Yak-1: Competitive from the start and led to the Yak-7, Yak-9 and finally the Yak-3 which I consider the best low to medium altitude dog fighter of WW2.
IL-2: What else can I say, a nightmare for any ground convoys.
Overall, I whole heartedly agree that though the Germans would have made some gains (simple momentum), a German '42 invasion would have been far, far worse for them than the historical
Barbarossa.
What the Nazis needed was a Japanese attack/two front war for the Russians. That would have meant operation Typhoon could have held its gains.
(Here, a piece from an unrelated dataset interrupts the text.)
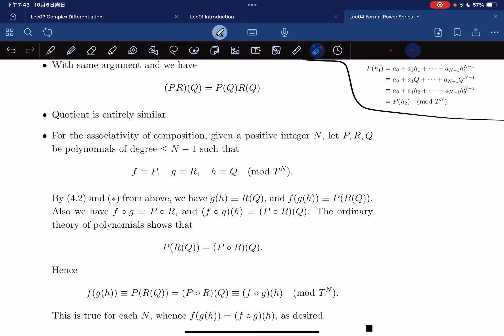That's everything for this lecture on formal power series. Next time we're going to talk about convergence of power series.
A few years ago in another thread I outlined my views in
http://www.gamesquad.com/forums/index.php?threads/t-34-the-best-tank-of-the-war.118625/page-6#post-1697711, rather than me cutting and pasting and taking up Don's disk space have a look there. Other than rereading the forces held in the Soviet Far East and upping the numbers from 0.5-1.0 M to 1.0-1.5 M, bigger than I remembered at the time I posted, my views remain unchanged.
As a general aside, the Germans seemed to lack a coherent high level strategic vision. Before and for quite a time after
Barbarossa, the Germans could not agree on something even as basic as "To Moscow or not to Moscow". Everything seemed to be decided on the fly, on the cheap, "It'll be allright on the night". As
AdrianE said "victory disease". They just simply never seemed to think things fully through.